Teaching is...hard. To all the teachers out there, ntchito wabwino! Sannu da kokari! Good fucking work! Every so often I'll have a moment, or if I'm lucky, an entire 40-minute period where things just click and I feel inspired by what I'm teaching and somehow get the feeling that it's connecting to the students. Those moments are all too rare, however. Most of the time I'm frustrated: trying to think up ways other than straight lecturing to teach grammar, trying to get the students interested in the literature we're reading, whether it's decent (Looking for a Rain God) or so irrelevant, outdated and beyond their comprehension that it hardly seems worth it. In Form 1 we're reading An Introduction to English Literature, published in the '60's, with poems and excerpts from the likes of Dickens, Keats, Austen, Wordsworth...arguably great stuff, but come on! We're in Malawi here! I try not to get too discouraged by their writing and spelling. I started teaching them Hausa. This term I'm also teaching a period of PE. They kind of sucked at Capture the Flag (the concept of prison was lost on them). (Speaking of, any ideas for big group field games? I'm open). Education is where it's at, but if there aren't many universities, or the exams are arbitrary and inapplicable to real life, and the teachers are overworked and sometimes not even paid, then what chance do these kids really have?

The Princess of Thavite

Last weekend I felt like the princess of Thavite. Our MP (Member of Parliament) is putting on a sports tournament for all the schools in the area, so of course it had to be officially launched. I show up at my trading centre at 10:00am, the advertised start time, my first mistake. We're on Africa time here, Annette, duh! Loitering around with nothing to do is harder than it looks. I was antsy and aimless, but forced myself to stick around. I ended up chatting with some of my students, confirming that the tailor had my measurements, chatting with my landlord, and buying some rape (Chinese rape? What is it called in English?). Just when I was giving up and heading home to fix myself lunch, the MP pulled up. It was noon. So I stuck around. I watched a mini game of netball (cousin to basketball, that only girls play) and a game of football (until the ball popped). I sat next to the MP and chatted about oxcarts ("You haven't had those in America for awhile, have you?" he said. "No," I replied) and other things.

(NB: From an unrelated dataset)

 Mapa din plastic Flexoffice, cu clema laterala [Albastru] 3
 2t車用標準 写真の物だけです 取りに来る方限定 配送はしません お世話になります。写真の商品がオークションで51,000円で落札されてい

He told me that Malawi has too many MPs (190-odd), and should cut back. If so much of the government's budget comes from foreign aid, Malawi could save Britain and the US money, or at least put it to better use, by reducing the number of MPs. Interesting, coming from him. Then Sally said the MPs just gave themselves raises. Huh. At one point during the football game the TA (Traditional Authority) rolled up. TAs are chiefs, who have some responsibilities and powers (ruling on local disputes) but are completely separate from the government. Come to find out, the TA for my area is a woman! For a moment I was sitting between her and the MP while they chatted about who knows what. Between the MP and the TA! What does that make me? I felt like royalty, and compared myself to British royals sitting around watching polo or cricket or tennis or some such nonsense, drinking mint juleps, socializing and maybe even squeezing in some official state business. Minus the mint juleps in my case. The MP said he wants to bring some of my students to the Parliament in Lilongwe and that I could come too. That would be so awesome! ...But if I've learned anything in Africa, it's not to hold my breath.

From here


Ellie and I started finishing (paradox) a mural begun by Brittany, the volunteer Ellie replaced. We're painting the Periodic Table of Elements at a secondary school near her town. It's got me excited to paint a mural or two at my school ("We want you to paint something here to remember you by" the Headteacher said). If I can figure out funding, I'm hoping to work on that over the summer. I also want to help with the camps Peace Corps Malawi has been putting on for awhile, Glow and Sky. And get a Girls Club going. I'm also reading like a fiend and trying to run and yoga as much as I can. I also just heard about some hot springs that are apparently just a bikeride away from my site, so I'm hoping to check those out soon! Life is good. It's weird how normal bush living is for me.